Blume was always an "issues" writer who liked to explore the Faulknerian Fiction of "The human heart in conflict with itself".

The problem with Wifey was that it was about really a unrelatable character and the travails of her sex life. It really was exactly Blume trying to be Erica Jong. She stepped away from creating a dimensional character who had issues and instead picked an issue (sexual dissatisfaction at middle age in married life) and plunked a cypher in to mime it for us.

Which, based on the chunks of CV I've read, seems to be a lot of what's happening in the current book in question. Again, though, not having read it this is only my impression.

I don't think it necessarily matters where the author starts out as a successful writer. I think what happens is that sometimes when they transition they get so anxious to "do a story right" that they attempt to mimic others and what comes out feels inorganic and strained.


message 43: by D.M. (new)

D.M. Dutcher Katy, can you name a few? I can't think of any, but I can think of a lot that have started with adult and dipped into kids lit with a few books. Even then they aren't known for them-Terry Pratchett will be known for Discworld's adult books and not the The Wee Free Men (Discworld, #30), for example. Generally if they make their name in kids lit first, they stay there. Check out the Newberry Award list, and see how few writers you can recognize for their adult fiction.

I'm not sure if it's readers expectations or the skill set needed to write excellent kids fiction being different from adult works, but it happens.


message 44: by Katy (new) - added it

Katy D.M. wrote: "Katy, can you name a few? I can't think of any, but I can think of a lot that have started with adult and dipped into kids lit with a few books. Even then they aren't known for them-Terry Pratchett..."

I can't remember any of the names of the top of my head, but in another thread several were mentioned. Sorry for my bad memory


message 45: by D.M. (new)

D.M. Dutcher Katy wrote: "D.M. wrote: "Katy, can you name a few?
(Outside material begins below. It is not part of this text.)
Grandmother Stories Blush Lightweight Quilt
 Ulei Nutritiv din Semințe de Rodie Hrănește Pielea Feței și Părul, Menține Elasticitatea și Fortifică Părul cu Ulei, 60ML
I can't think of any, but I can think of a lot that have started with adult and dipped into kids lit with a few books. Even then they aren't known for them-Te..."

No worries. I'm not saying it isn't unfair, but it's more that it's just very uncommon if it does exist. I mean, if you win a Hugo award in SF, or even are a pop singer or basketball player you can get into the kids market, and sometimes do very well, but the reverse rarely seems to happen in my experience. I wonder why she did it.


message 46: by Johne (new)

Johne I swear I'm going to start swearing to Bast! Brilliant!


Katherine Coble Johne wrote: "I swear I'm going to start swearing to Bast! Brilliant! "

I know I as a Mennonite can't swear an oath. But I also can't live without the rhythmic perfection and emphasis of "I swear to----". So I plug in gods from ancient religions. Or I used to until about a year ago when I realised that "I swear to Bast" was thematically perfect with my perpetually used "holy cats."

And no. I can't believe I put this much thought into it.


message 48: by Katy (new) - added it

Katy Johne wrote: "I swear I'm going to start swearing to Bast! Brilliant! "

In a book I recently read, The Hallowed Ones, the monsters (a form of vampire) couldn't come into any holy soil. The Amish teen telling the story was very confused that one of those places was a temple to Bast in a strip mall in New Jersey... :-)


Katherine Coble I should read that, if only to add to my collection of narratives about how The Outside World views us Anabaptists.


message 50: by Katy (new) - added it

Katy Katherine wrote: "I should read that, if only to add to my collection of narratives about how The Outside World views us Anabaptists."

I'm not an expert, but from the little bit I know I think it's fairly accurate. It was a very entertaining story, too.